Required action -> Every line of the data below should be repeated exactly, and no picture should be copied.
Input data START
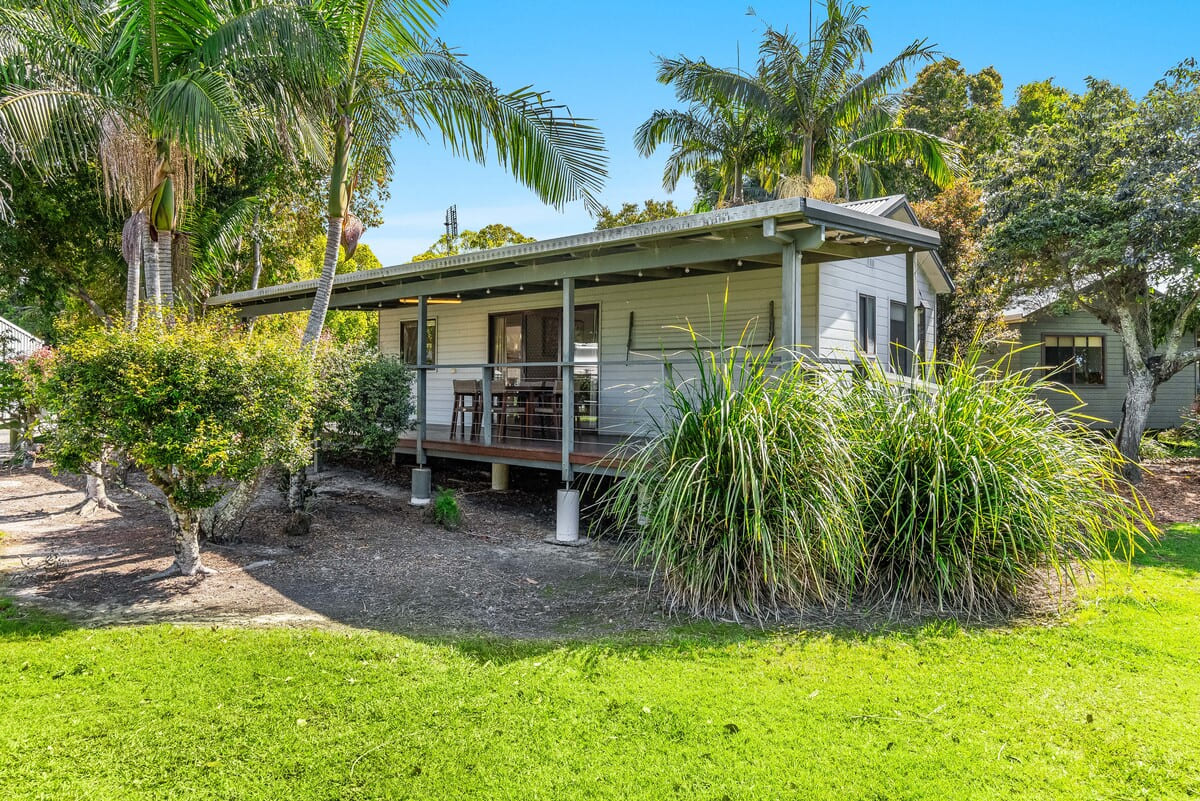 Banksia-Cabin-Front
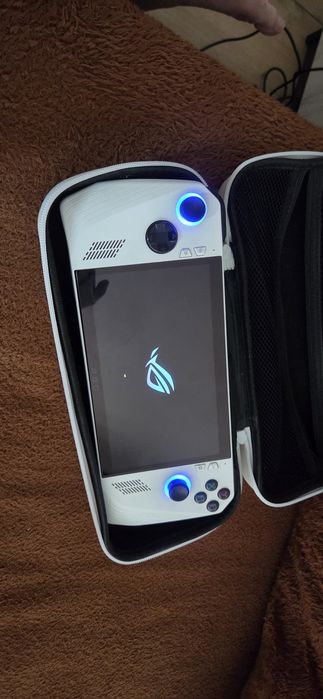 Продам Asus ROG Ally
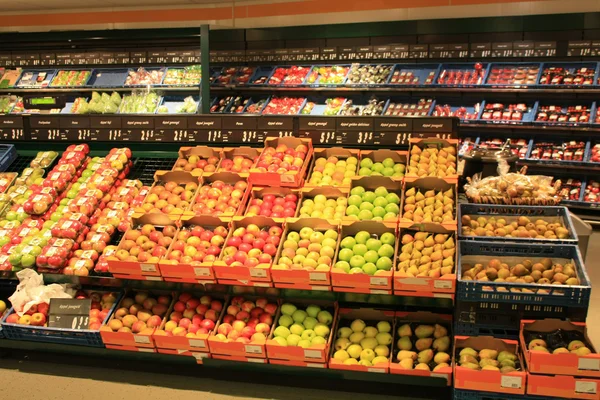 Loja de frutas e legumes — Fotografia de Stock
Input data END
Answer section ->
 Banksia-Cabin-Front
 Продам Asus ROG Ally
 Loja de frutas e legumes — Fotografia de Stock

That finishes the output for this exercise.